Recorded data:

....

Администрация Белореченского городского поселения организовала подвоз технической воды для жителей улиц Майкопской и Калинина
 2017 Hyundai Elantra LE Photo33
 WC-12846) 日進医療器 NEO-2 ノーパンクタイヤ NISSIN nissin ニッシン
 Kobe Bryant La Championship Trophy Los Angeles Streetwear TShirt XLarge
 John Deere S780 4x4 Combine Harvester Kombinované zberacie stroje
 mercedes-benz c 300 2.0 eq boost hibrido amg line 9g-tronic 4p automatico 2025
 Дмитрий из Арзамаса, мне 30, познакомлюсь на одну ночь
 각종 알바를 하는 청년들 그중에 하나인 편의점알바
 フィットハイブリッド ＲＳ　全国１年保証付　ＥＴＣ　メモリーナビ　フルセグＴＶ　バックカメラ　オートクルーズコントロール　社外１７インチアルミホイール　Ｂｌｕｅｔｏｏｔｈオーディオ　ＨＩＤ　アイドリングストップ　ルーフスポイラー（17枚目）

....

What you should do –
Transcribe each line of the data exactly, skipping none.

Answer space –
Администрация Белореченского городского поселения организовала подвоз технической воды для жителей улиц Майкопской и Калинина
 2017 Hyundai Elantra LE Photo33
 WC-12846) 日進医療器 NEO-2 ノーパンクタイヤ NISSIN nissin ニッシン
 Kobe Bryant La Championship Trophy Los Angeles Streetwear TShirt XLarge
 John Deere S780 4x4 Combine Harvester Kombinované zberacie stroje
 mercedes-benz c 300 2.0 eq boost hibrido amg line 9g-tronic 4p automatico 2025
 Дмитрий из Арзамаса, мне 30, познакомлюсь на одну ночь
 각종 알바를 하는 청년들 그중에 하나인 편의점알바
 フィットハイブリッド ＲＳ　全国１年保証付　ＥＴＣ　メモリーナビ　フルセグＴＶ　バックカメラ　オートクルーズコントロール　社外１７インチアルミホイール　Ｂｌｕｅｔｏｏｔｈオーディオ　ＨＩＤ　アイドリングストップ　ルーフスポイラー（17枚目）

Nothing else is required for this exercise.